O italiano fundou o MDF em 2007, mas a ideia nasceu antes, em 1988, quando conheceu um responsável pelos serviços termotécnicos do centro de pesquisa Fiat. Ele lhe explicou que a redução da poluição, associada ao uso de combustíveis fósseis, não depende principalmente da adoção de fontes renováveis, e sim da redução do desperdício.
— O sistema italiano, análogo a muitos países industrializados, desperdiça 70% da energia que produz. Não faz sentido produzir energia com fontes renováveis e desperdiçar 70%. Somente se reduzirmos o desperdício faz sentido desenvolver as fontes de energia renováveis, pois estas custam mais e rendem menos que os combustíveis fósseis — comenta Pallante, especialista em economia da energia.

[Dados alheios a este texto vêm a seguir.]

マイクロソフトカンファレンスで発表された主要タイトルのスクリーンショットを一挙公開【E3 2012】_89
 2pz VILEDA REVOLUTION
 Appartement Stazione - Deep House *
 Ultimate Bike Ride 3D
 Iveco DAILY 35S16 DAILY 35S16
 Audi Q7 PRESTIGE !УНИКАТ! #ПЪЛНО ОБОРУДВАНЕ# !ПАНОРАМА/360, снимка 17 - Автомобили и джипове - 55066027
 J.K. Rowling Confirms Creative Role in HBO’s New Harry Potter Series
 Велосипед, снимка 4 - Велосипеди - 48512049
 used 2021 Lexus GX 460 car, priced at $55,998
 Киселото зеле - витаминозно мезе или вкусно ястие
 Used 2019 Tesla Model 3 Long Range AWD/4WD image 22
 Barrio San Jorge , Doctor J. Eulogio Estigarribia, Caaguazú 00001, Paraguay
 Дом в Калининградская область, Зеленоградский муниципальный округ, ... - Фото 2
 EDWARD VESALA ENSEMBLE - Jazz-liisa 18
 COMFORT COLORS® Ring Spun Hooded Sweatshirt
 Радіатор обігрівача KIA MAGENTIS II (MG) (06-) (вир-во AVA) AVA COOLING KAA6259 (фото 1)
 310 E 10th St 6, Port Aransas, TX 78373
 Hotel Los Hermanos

A autoprodução de bens como princípio
O movimento visa promover a maior substituição possível de bens industrializados e adquiridos em circuitos comerciais de grande escala, com bens oriundos de autoprodução de mercadorias ou produzidos localmente ou trocados sob a forma de doação. Tal escolha implica uma redução do PIB a favor de melhor qualidade de vida. O fundador do MDF salienta que o decrescimento não é sinônimo de recessão e utiliza um exemplo para explicá-lo: uma pessoa que não come porque não tem nada para comer não faz uma escolha, enquanto outra pessoa que não come para fazer uma dieta faz uma escolha para ficar melhor. Pallante usa esse simples exemplo para explicar a diferença entre a mudança forçada de um estilo de vida devido ao esgotamento de recursos necessários para alimentar-se e a decisão consciente de quem escolhe um caminho diferente, sustentável e justo.
O movimento é organizado em centros espalhados por todo o país e oferece uma abordagem diferente para a política, tecnologia e estilo de vida. Um dos fundamentos é a autoprodução.
— Eu considero a autoprodução um conceito extremamente subversivo de alguma forma, pois permite substituir produtos que deveriam ser comprados porque precisamos e repensá-los de forma natural — afirma à Comunità Lucia Cuffaro, vice-presidente do MDF e presidente do núcleo romano do movimento.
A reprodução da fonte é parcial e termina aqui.